3.1.1. Obtain source code

You can clone the repository that contains all the Living Labs API’s code as follows:

$ git clone https://bitbucket.org/living-labs/ll-api.git

In case you plan on making changes, please first make a fork through the bitbucket interface and then clone your own fork. That way, you will be able to push your changes and to ask for a pull request so that your changes can be merged back.

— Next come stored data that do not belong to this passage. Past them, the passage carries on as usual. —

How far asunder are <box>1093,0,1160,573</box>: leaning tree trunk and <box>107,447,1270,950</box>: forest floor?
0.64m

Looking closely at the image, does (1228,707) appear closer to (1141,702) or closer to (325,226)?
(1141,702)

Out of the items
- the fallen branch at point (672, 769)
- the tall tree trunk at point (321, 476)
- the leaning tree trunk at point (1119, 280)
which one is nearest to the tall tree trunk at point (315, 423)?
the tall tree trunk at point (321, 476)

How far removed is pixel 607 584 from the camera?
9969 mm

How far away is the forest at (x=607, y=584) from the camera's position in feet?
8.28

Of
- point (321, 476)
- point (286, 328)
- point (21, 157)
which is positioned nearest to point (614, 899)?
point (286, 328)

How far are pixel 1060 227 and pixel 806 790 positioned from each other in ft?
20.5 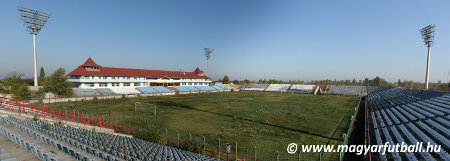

3.1.2. Install prerequisites

Our code is Python 2.6/2.7 code. It definitely won’t run on Python 3.x, and most likely not on earlier versions of Python. If you want to run the API yourself or if you want to run pre-packed clients that communicate with an API, then a couple of prerequisites are needed. However, installing them is easy (if you have pip installed):

$ sudo pip install -r requirements.txt

If you don’t have pip yet, install it using easy_install pip. Windows users may want to read here: http://stackoverflow.com/questions/4750806/how-to-install-pip-on-windows

You may need to install the python-dev package. And it sometimes happens (for instance on Windows), that you need to install Numpy/Scipy manually first.

3.1.3. Done?

If you only want to run a client, you have all you need. Clients are pieces of code that talk to the Living Labs API. We recognize two types of clients: participants and sites. Example clients are in the repository in the ll/clients directory. See Running Clients.

In case you want to run your own version of the API (for testing purposes), you’ll have to continue.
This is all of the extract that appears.